My users will upload files as large as 500M to my servers. This will of course take awhile and I think it's asking for trouble to let them submit and then just let the browser sit there and spin a currently-working-cursor without any other feedback. So, I use an IFRAME and some Ajax to submit the form and also poll to see how the submittion is coming along. Then I report this to user in the form of a progress-bar.
(Lots of examples of this, just search for "ajax upload progress" in Google.)
Anyway, by default in TBNL, as far as I can tell, the request doesn't hit my code until after the file has been uploaded. What I think I really need instead is to have access to the temporary filename created for the upload (so I can track its size) right before TBNL starts reading the file.
I've put this together locally by creating a hook in MAKE-TMP-FILE-NAME[1] which is simply called with the tmp-file-name created before returning. In my code I then use this filename to create data for the progress-bar.
My question is whether there's a better way to achieve this and/or whether or not you want a patch.
Thanks, Erik.
[1] I think a comment explaining that it's called from the RFC2388 code would've been really helpful. :-)
On Sun, 17 Sep 2006 14:45:02 -0400, "Erik Enge" erik.enge@gmail.com wrote:
My users will upload files as large as 500M to my servers. This will of course take awhile and I think it's asking for trouble to let them submit and then just let the browser sit there and spin a currently-working-cursor without any other feedback. So, I use an IFRAME and some Ajax to submit the form and also poll to see how the submittion is coming along. Then I report this to user in the form of a progress-bar.
(Lots of examples of this, just search for "ajax upload progress" in Google.)
See also here:
http://common-lisp.net/pipermail/tbnl-devel/2006-February/000559.html
Anyway, by default in TBNL, as far as I can tell, the request doesn't hit my code until after the file has been uploaded. What I think I really need instead is to have access to the temporary filename created for the upload (so I can track its size) right before TBNL starts reading the file.
I've put this together locally by creating a hook in MAKE-TMP-FILE-NAME[1] which is simply called with the tmp-file-name created before returning. In my code I then use this filename to create data for the progress-bar.
My question is whether there's a better way to achieve this and/or whether or not you want a patch.
I don't think there's a better way. But do you think that a hook for MAKE-TMP-FILE-NAME is the right solution? At that point you won't know for /which/ uploaded file you're called.
[1] I think a comment explaining that it's called from the RFC2388 code would've been really helpful. :-)
Hehe, yeah, even "Edit Callers" won't help you much in this case... :)

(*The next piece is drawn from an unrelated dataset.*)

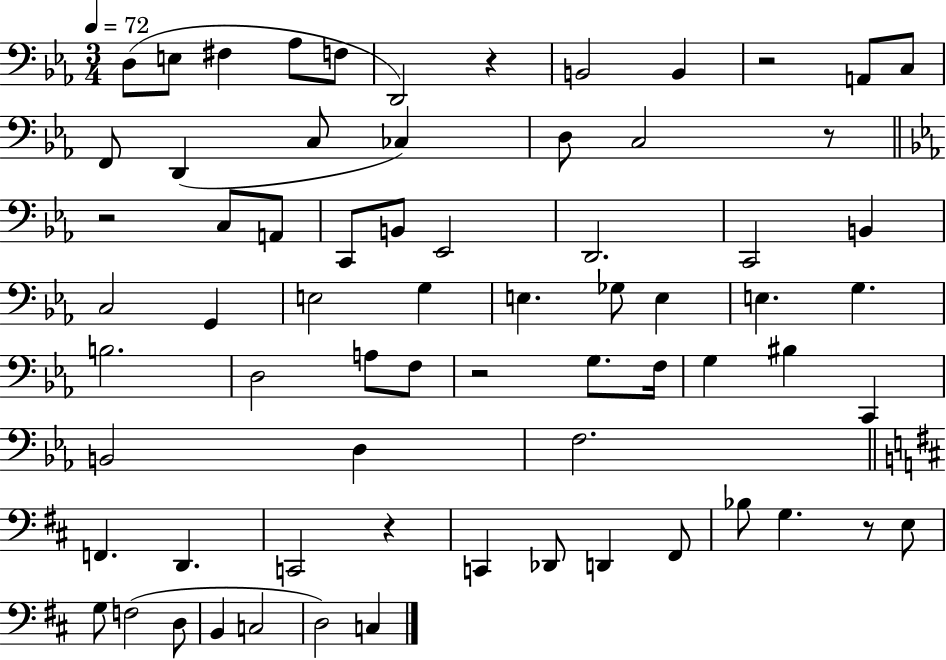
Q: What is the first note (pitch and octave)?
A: D3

Seriously, this is a bit hacky anyway because the RFC2388 calls back into TBNL. I'd like to have a cleaner solution, but that'd probably imply that TBNL implements its own RFC2388 parsing.
I'd like to provide something in TBNL to enable things like upload progress bars, but I'm still looking for a solution that looks clean and unobtrusive to me.
Cheers, Edi.
On 9/17/06, Edi Weitz edi@agharta.de wrote:
See also here:
http://common-lisp.net/pipermail/tbnl-devel/2006-February/000559.html
Thanks!
I don't think there's a better way. But do you think that a hook for MAKE-TMP-FILE-NAME is the right solution?

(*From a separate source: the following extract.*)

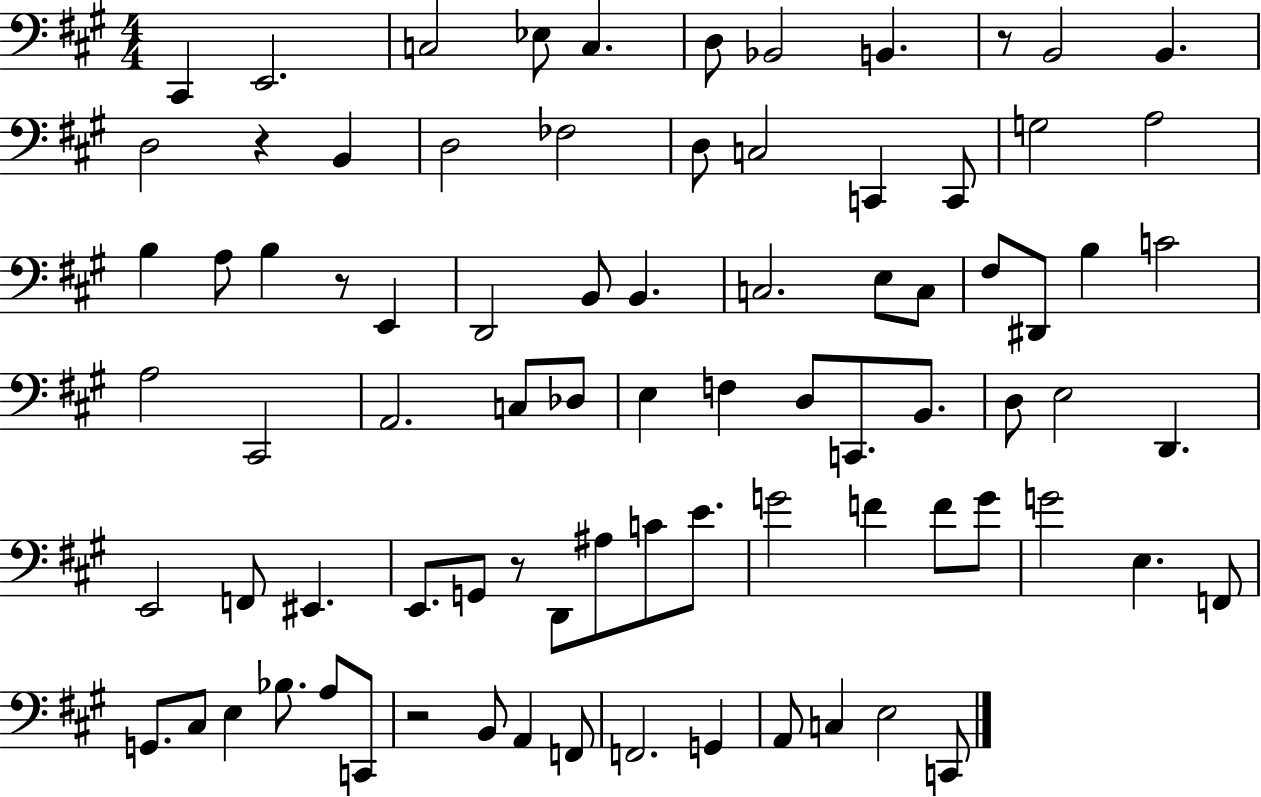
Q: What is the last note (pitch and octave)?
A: C2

Conceptually the hook should probably be "after we have the filename, before we start reading the file". Good luck finding a good name! ;-) (I named mine *pre-file-upload-hook* which I'm not satisfied with but I can't think of anything better right now.)
Whether that's in MAKE-TMP-FILE-NAME or not doesn't really matter to me. The reason I picked it was simply that I didn't want to change RFC2388, because as you say, the way it works now by calling back into TBNL is hackish enough already. :-)
At that point you won't know for /which/ uploaded file you're called.
Actually I do know. At that time *REQUEST* is bound and I store a session-key in a cookie that's passed in. So what I do in my hook is retrieve the user doing the upload, via the cookie, then store the temporary filename in my database as part of the user's session. This way my Ajax calls won't have to pass around a filename and there's no way for the user or browser to see my filesystem layout and/or change the filename that's checked in the progress bar.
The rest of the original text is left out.